■ WHAT IS BEING ASKED: Repeat exactly the lines that run from the start of the records below to the line with "Chengdu Universiade torch", including both of those lines but not the pictures.

[Data extracted from a collection]
┏━━
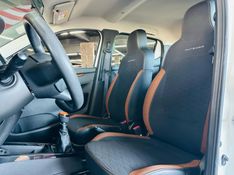 Renault KWID 1.0 12V SCE FLEX OUTSIDER MANUAL 2019/2020 CASTELLAN E TOMAZONI MOTORS CAXIAS DO SUL / Carros no Vale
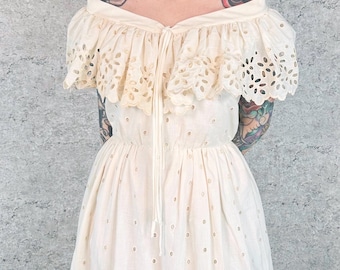 Vestido vintage con hombros descubiertos, ojales y volantes de los años 70
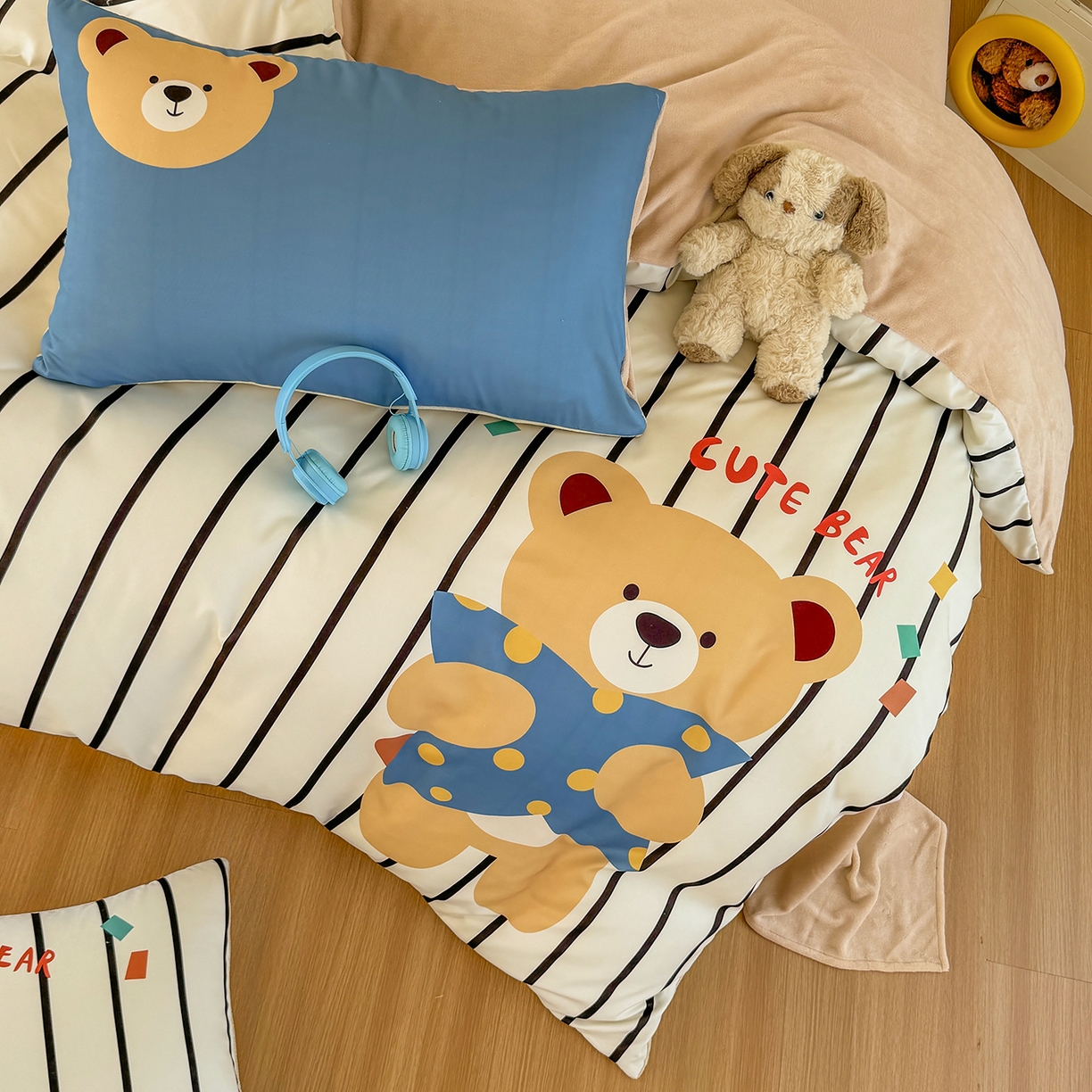 91家纺网 家纺一手货源 找家纺 十一家居 2025新款A类原创设计数码大版卡通印花四件套-绒宠系列 安睡小熊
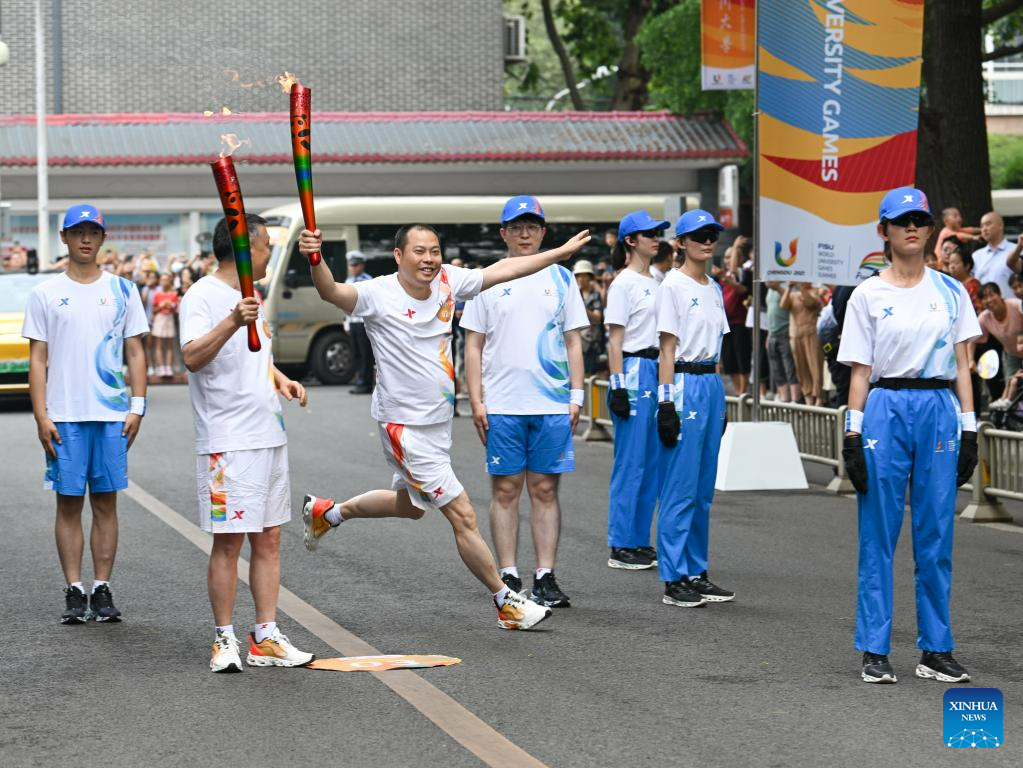 Chengdu Universiade torch relay held at Sichuan University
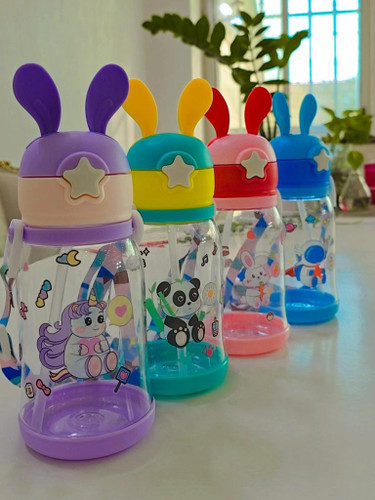 قمقمه خرگوشی نی دار وارداتیه بدون نشتی و عالی سایز 19.5 *8.5 و 600 میل بدنه اکرولیک بند قابل تنظیم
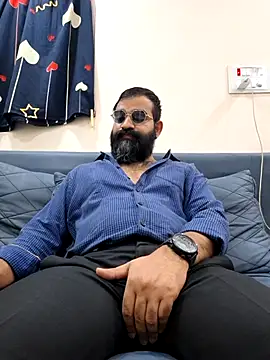 Fun Guuy online show from February 2026 06:44:02 PM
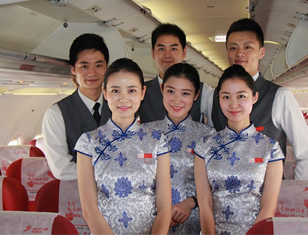 西部航空打造上海风情航班 空姐秒变"冯程程"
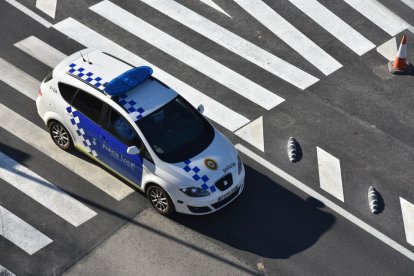 El primer individu era conegut per la policia per ocasionar en diverses ocasions aldarulls a la via pública.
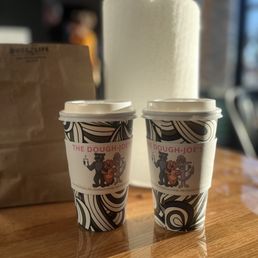 Large white chocolate latte Large white chocolate latte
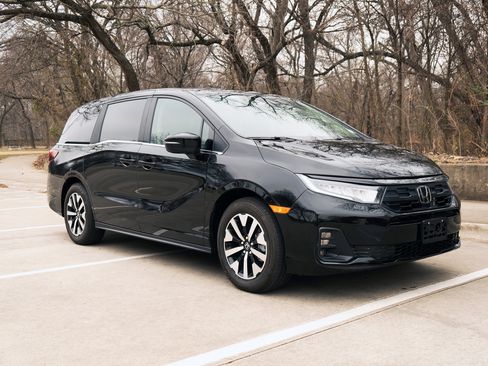 Certified 2025 Honda Odyssey EX-L image 2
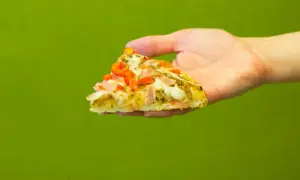 Ile waży kawałek pizzy? Waga, kalorie i świadome wybory!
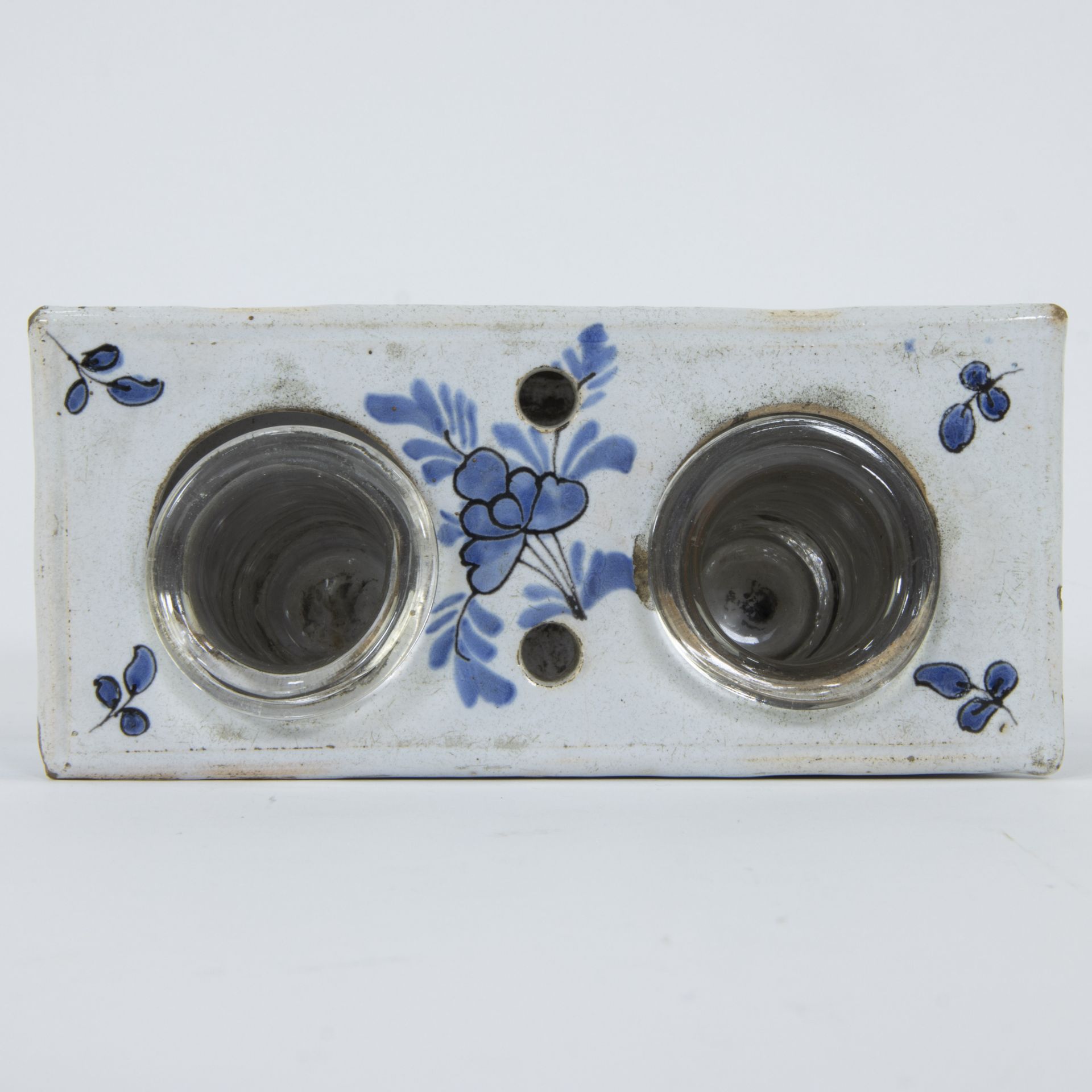 2 Delft tiles and an inkwell, 18th century - Bild 6 aus 6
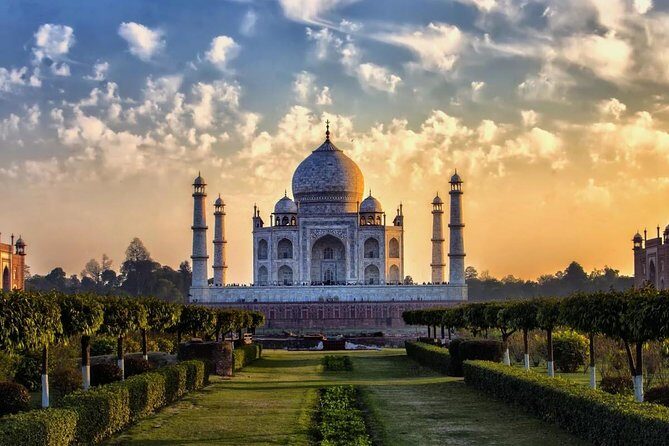 Taj Mahal Tour By Gatimaan express with lunch - Key Points
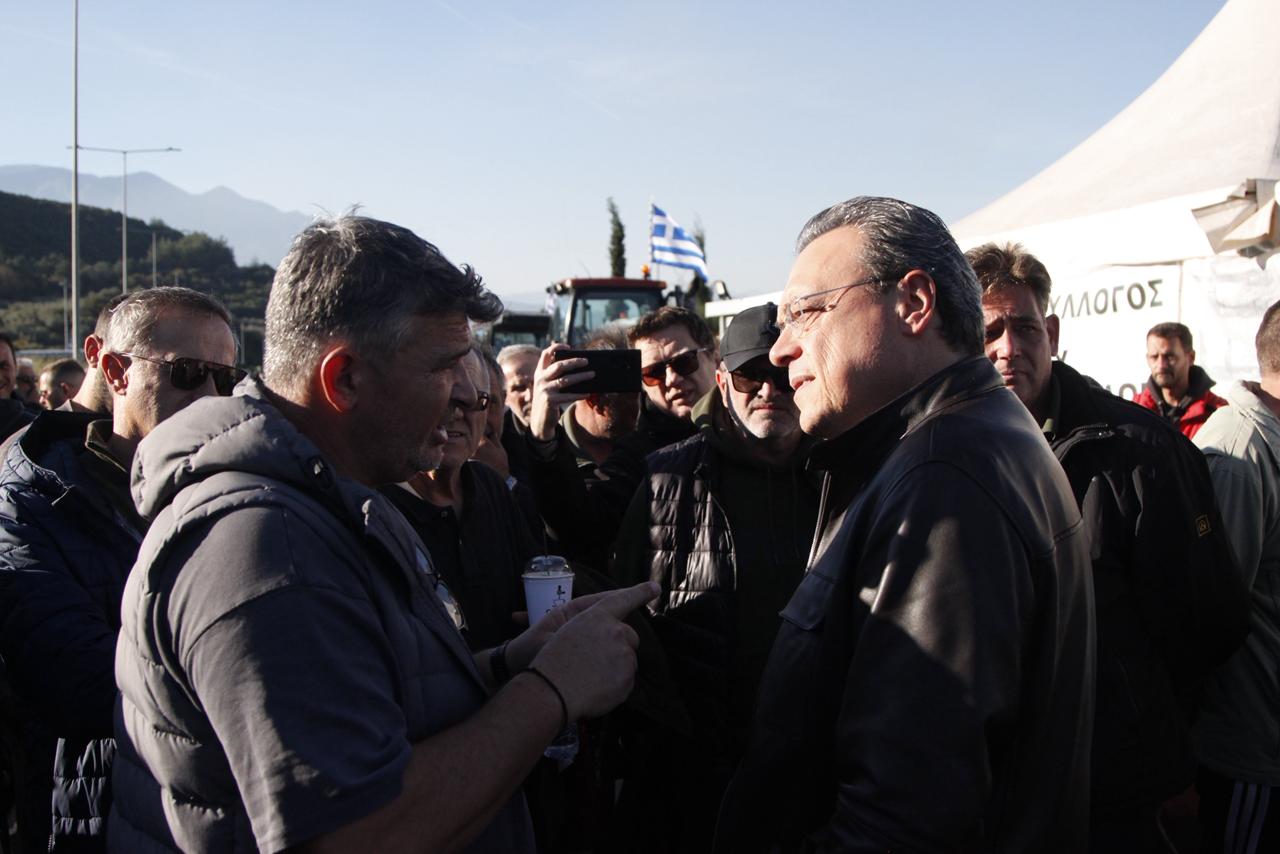 Φάμελλος από το μπλόκο του Μπράλου: Είναι εθνικής σημασίας ο αγώνας των αγροτών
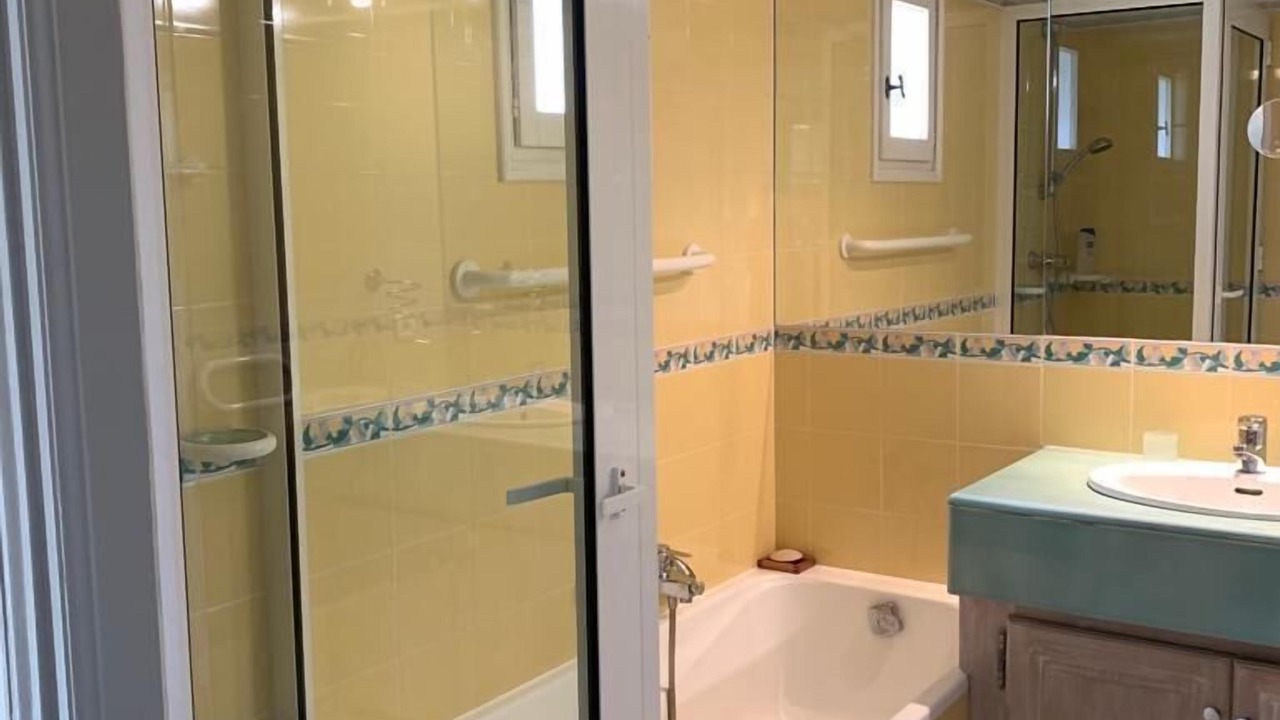 Photo of Bathroom in Pont Royal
┗━━
■ TASK SOLUTION:
 Renault KWID 1.0 12V SCE FLEX OUTSIDER MANUAL 2019/2020 CASTELLAN E TOMAZONI MOTORS CAXIAS DO SUL / Carros no Vale
 Vestido vintage con hombros descubiertos, ojales y volantes de los años 70
 91家纺网 家纺一手货源 找家纺 十一家居 2025新款A类原创设计数码大版卡通印花四件套-绒宠系列 安睡小熊
 Chengdu Universiade torch relay held at Sichuan University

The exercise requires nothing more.